LAKE OCONEE —
Everyone experiences anxiety and stress, n'est pas? The brain is a reactive organ that is wired to respond to a particular situation in a certain manner. Not every person responds in the same manner. I invite you to take the following anxiety inventory, peruse the five “Response Reflexes”, and then decide how much stress you have and how you typically react to it. Once you have that information you can work on modifying the reflex that is unhealthy for you.
Answer the following statements with: a) Almost never b) Rarely c) Sometimes d) Quite often e) Most of the time. Your responses will give you some feedback about the amount of stress you have.
1. I feel tired 2. I fall asleep easily 3. Before I go to sleep, my mind wanders and I think about all the troubles and worries I have 4. I feel calm and relaxed 5. I avoid dealing with difficulties 6. I am satisfied with my life 7. I worry about things that aren't worth it. 8. I feel like crying. 9. I feel good about myself. 10. I don't worry about things that I cannot change . 11. I feel tense. 12. I am patient. 13. I feel secure. 14. I wish I could be as happy as people around me. 15. My mood and behavior are stable. 16. I have diarrhea, constipation, or other digestive problems. 17. I can concentrate well on what I am doing. 18. I am afraid of what awaits me in the future. 19. People around me think I am irritable. 20. I feel OK physically. 21. I have palpitations, pounding heart, or accelerated heart rate. 22. I feel I am in control of my body and mind. 23. I feel futile. 24. I feel edgy and restless. 25. I am decisive. 26 I sweat more than other people. 27. I have ordinary, nice dreams without nightmares. 28. My worries are overwhelming. 29. It's easy for me to get rid of unpleasant thoughts and worries. 30. When I finish a task, I feel well and relaxed.
Now that you have a sense of your overall stresses and anxieties in your life I invite you to look at your typical “reflex” style in reaction to them. Kenneth R. Pelletier, Ph.D., clinical professor of medicine at the University of Arizona, says that “your reflexes don't always help you and in the long run they may make manners worse. Sometimes the way we cope with stress is worse than the condition causing it”.
Here are some typical stress reflexes:
1.“I blow my top”: When under stress I snap at others, feel impatient, become belligerent and agitated.
2.“I can't stop eating”: a) Overdose of bread and pasta. b) Crave potato chips and chocolate. c) Polish off a box of cookies.

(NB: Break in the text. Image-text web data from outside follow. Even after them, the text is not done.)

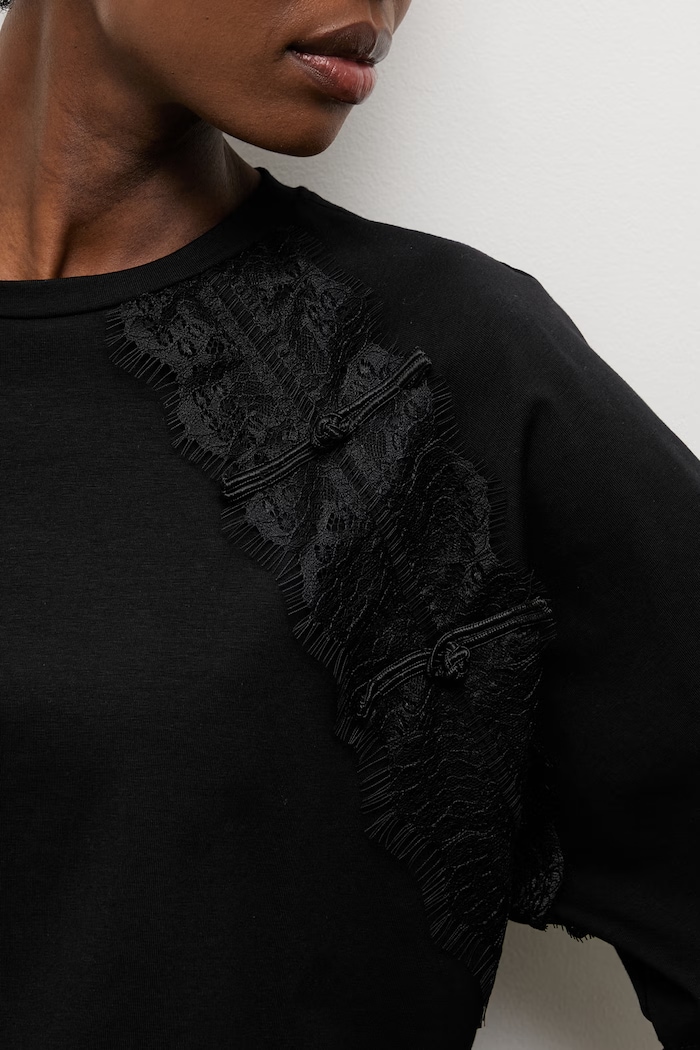 Answear.LAB T-shirt damski bawełniany z elastanem 56226.iak czarny
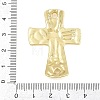 Textured Brass Connector Charm KK-CBA95AE-02A-G-3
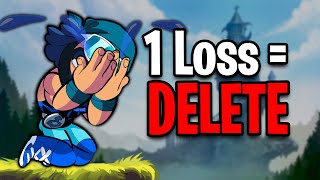 If I Lose I Have To Delete My Brawlhalla Account [upl. by Weed]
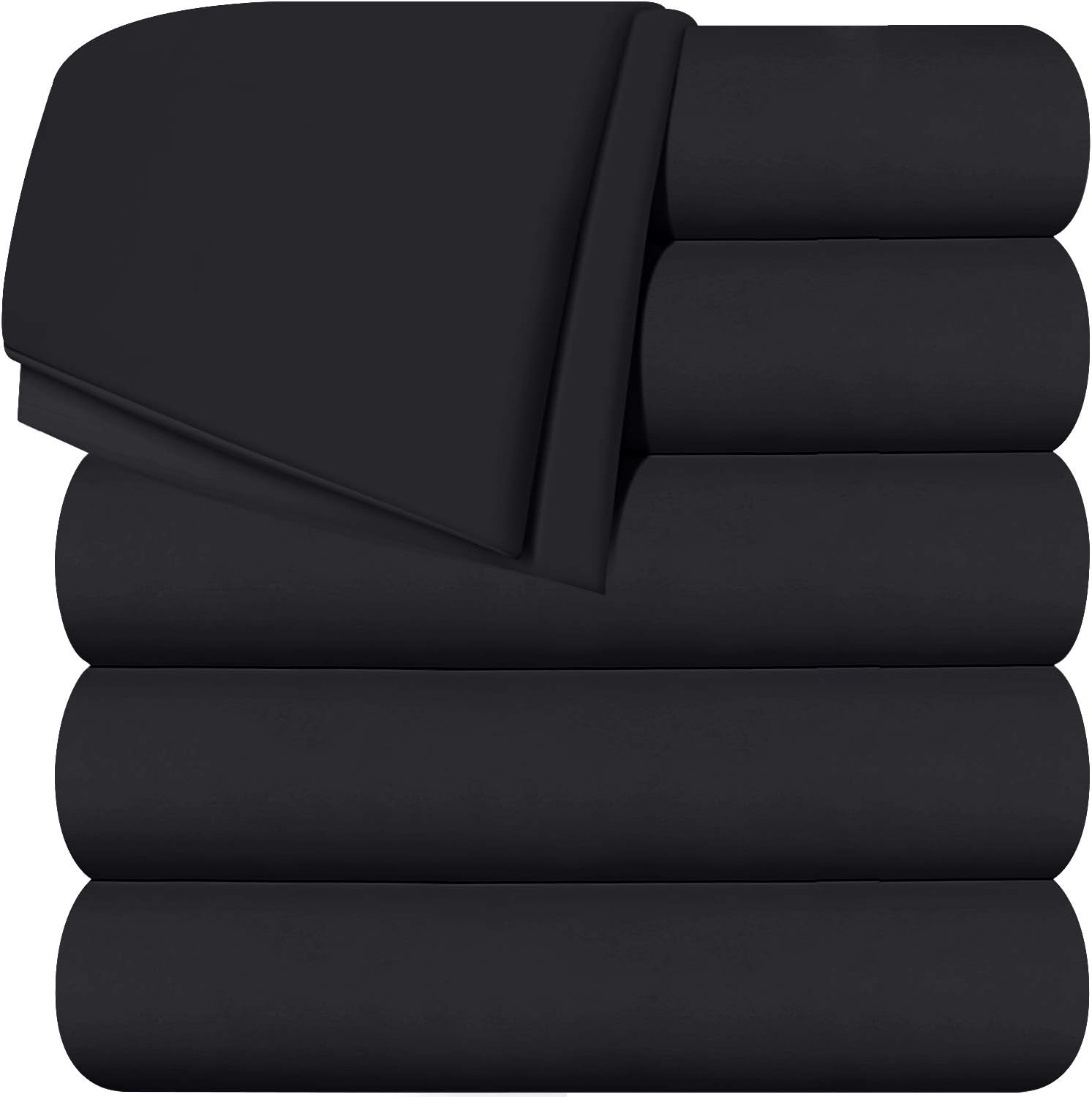 Utopia Bedding Flat Sheets, Special Bedding Sheets Pack of 6, High-Quality Micro...
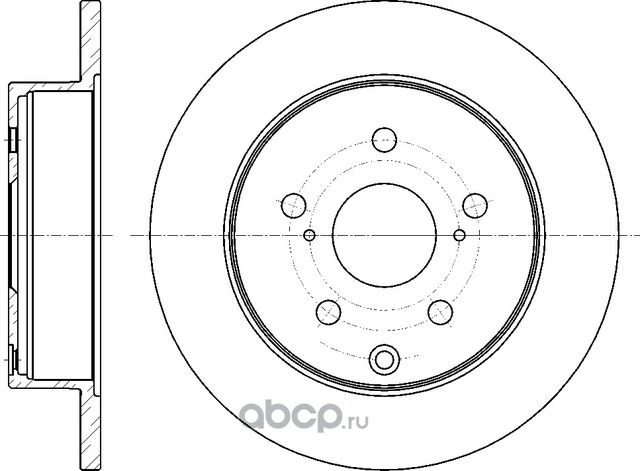 Диск тормозной (G-Brake). Артикул GR01693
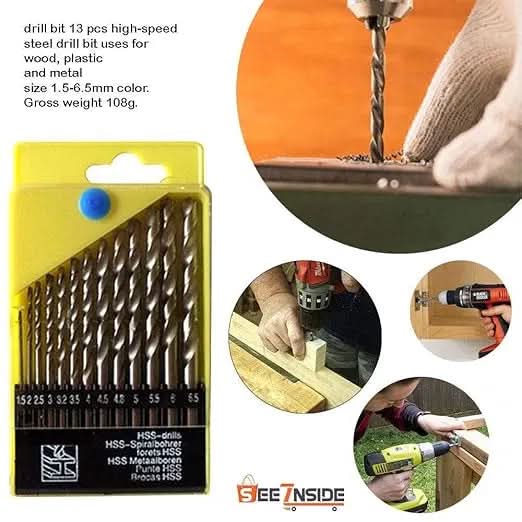 Serrated durable drill bit kit designed for precision and long-lasting performance in various drilling applications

3. “I bottle it up”: a) Cool and calm but only on the outside. b) Quick to deny the pressure you're under. c) Likely to ignore physical signs of stress.
4. “I become a nervous wreck”: a) Find yourself chewing your cuticles or fidgeting. b) Sleepless night worrying. c) Feel jittery and close to tears.
5. “I take risks”: a) Smoking or drink more. b) Get bored easily and seek constant change. c) I act impulsively and regret decisions later.
Have you found your typical “reflex style” to stress? That is a good and important starting point. Once you understand your “reflex style” you may want to modify it. It is difficult to actually change it, however, because it is deeply wired into your brain by a combination of genetics and personal experience. Still, it is worth the effort to do whatever you are capable of to bring forth a healthier and more functional approach to your inherent stress.
Hope this has been helpful — and not added to your stress!